TASK STATEMENT: All lines in the records below from the line with "this 428×268 image." through the line with "this 1108×623 image." are to be given again exactly, both ends included; the pictures are to be left out.

Stored items:
---------------
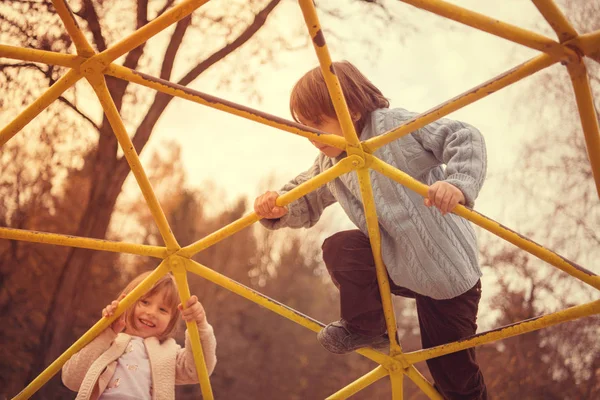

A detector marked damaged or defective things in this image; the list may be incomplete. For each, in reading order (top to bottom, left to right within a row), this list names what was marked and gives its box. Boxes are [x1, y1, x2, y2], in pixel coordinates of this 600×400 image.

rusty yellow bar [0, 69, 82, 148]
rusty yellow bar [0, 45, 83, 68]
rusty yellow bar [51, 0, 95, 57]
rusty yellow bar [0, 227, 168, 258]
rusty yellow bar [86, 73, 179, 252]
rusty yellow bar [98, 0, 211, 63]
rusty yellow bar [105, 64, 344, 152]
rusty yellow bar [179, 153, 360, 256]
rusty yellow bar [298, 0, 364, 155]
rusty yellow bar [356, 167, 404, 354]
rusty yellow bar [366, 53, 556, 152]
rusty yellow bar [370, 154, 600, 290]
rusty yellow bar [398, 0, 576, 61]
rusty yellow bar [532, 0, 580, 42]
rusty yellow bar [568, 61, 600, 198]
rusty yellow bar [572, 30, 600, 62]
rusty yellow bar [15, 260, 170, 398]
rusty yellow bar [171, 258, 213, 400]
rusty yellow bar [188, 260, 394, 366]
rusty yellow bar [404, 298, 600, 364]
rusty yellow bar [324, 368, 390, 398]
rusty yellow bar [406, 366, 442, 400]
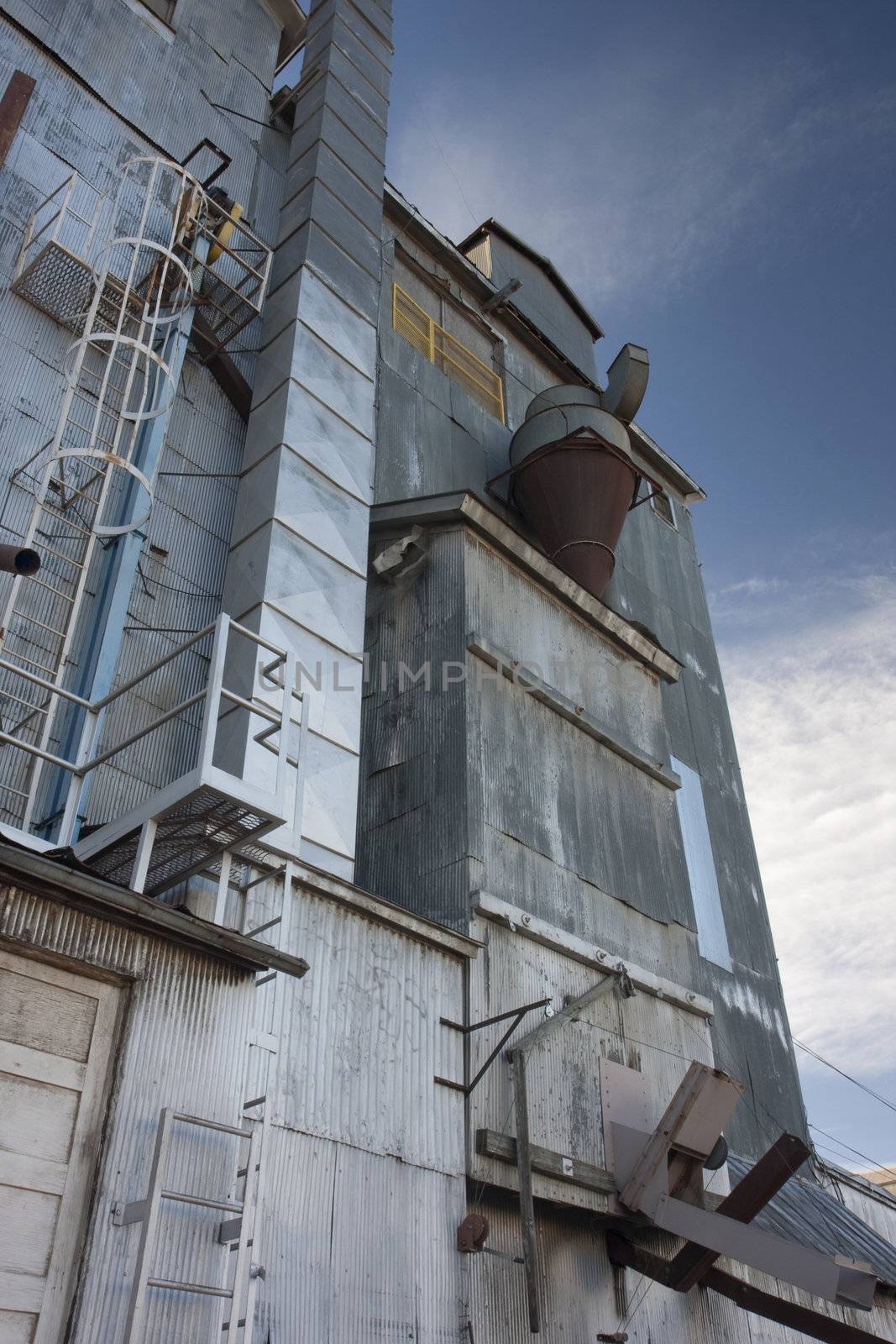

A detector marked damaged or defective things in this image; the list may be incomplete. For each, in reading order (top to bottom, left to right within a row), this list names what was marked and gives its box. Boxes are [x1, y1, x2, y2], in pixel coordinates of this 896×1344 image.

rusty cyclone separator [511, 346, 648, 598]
---------------
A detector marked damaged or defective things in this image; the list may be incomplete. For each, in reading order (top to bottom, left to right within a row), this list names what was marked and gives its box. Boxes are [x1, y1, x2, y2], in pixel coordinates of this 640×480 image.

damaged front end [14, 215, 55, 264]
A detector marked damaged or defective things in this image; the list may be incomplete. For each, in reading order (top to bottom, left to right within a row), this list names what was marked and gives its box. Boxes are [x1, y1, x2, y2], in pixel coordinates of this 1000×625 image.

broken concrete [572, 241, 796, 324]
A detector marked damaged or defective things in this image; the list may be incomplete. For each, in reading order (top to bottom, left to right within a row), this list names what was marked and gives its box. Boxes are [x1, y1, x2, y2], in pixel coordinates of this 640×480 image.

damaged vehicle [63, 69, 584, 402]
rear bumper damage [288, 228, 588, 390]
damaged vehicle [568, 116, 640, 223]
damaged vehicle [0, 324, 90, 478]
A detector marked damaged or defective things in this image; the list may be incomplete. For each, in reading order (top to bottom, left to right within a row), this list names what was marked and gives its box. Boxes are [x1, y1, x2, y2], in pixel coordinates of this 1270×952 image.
---------------
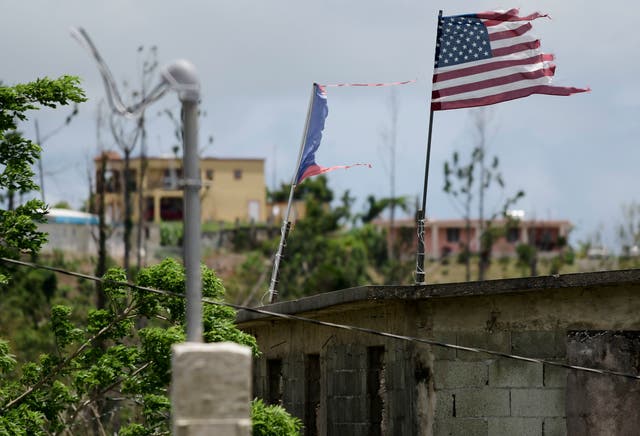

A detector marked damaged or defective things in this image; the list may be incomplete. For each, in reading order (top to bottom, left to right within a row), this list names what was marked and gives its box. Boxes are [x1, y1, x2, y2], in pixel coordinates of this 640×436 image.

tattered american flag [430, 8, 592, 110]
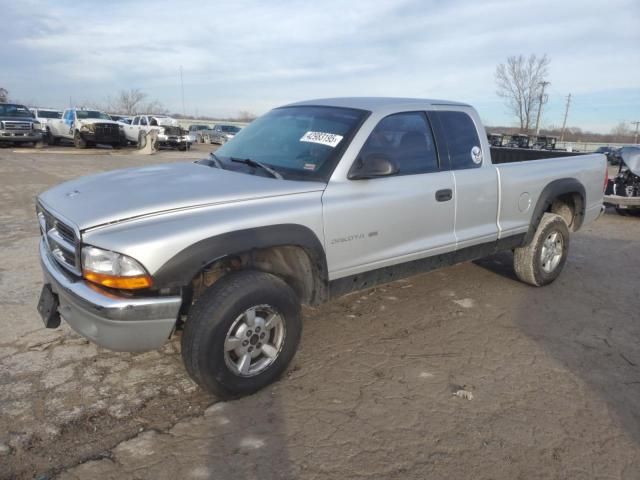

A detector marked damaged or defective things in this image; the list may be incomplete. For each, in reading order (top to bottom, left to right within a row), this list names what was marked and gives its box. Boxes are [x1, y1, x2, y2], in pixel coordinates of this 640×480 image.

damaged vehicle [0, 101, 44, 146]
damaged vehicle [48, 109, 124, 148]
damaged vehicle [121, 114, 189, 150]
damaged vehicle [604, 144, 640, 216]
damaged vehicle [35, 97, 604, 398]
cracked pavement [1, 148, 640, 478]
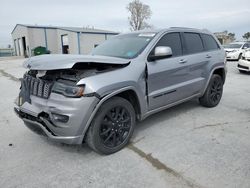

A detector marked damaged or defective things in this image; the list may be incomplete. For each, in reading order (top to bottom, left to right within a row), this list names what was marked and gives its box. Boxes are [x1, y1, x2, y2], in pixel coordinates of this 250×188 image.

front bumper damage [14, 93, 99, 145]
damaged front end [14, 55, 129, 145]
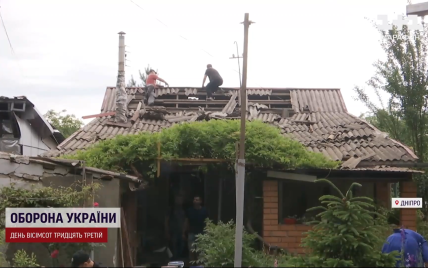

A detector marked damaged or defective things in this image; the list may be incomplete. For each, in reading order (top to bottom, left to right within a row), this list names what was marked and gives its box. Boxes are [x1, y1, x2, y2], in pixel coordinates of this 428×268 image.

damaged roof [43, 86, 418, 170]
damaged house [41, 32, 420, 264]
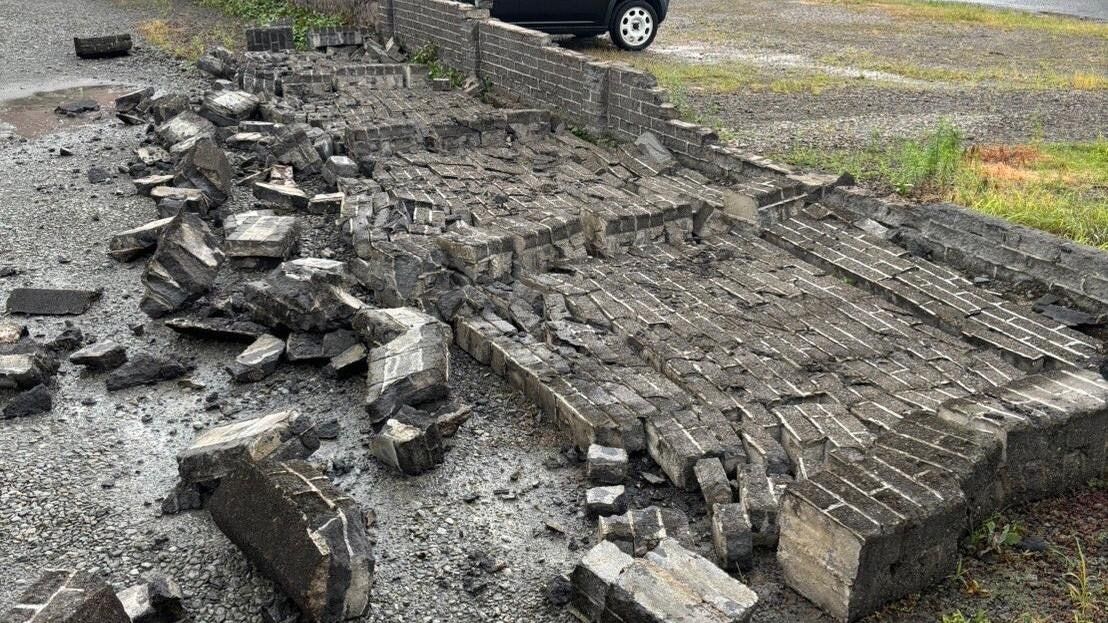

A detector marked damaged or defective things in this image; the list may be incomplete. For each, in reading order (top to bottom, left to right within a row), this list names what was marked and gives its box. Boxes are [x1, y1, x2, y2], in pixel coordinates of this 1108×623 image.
---------------
TASK RESPONSE:
A detector marked damaged or defective things in this image; the list may be incomplete. For each, in reading order (top to bottom, left to right within a row), this list names what was marked and gives its box. Boxes are [x1, y1, x2, y2], in pixel coordinates of this 428×268 image.

damaged roof [43, 86, 418, 170]
damaged house [41, 32, 420, 264]

A detector marked damaged or defective things in this image; the list may be incomplete. For each, in reading order (top to bottom, left to right within a row), this list names what was marked and gives its box. Boxes are [x1, y1, x2, y2], in pixel coordinates of this 1108×623 image.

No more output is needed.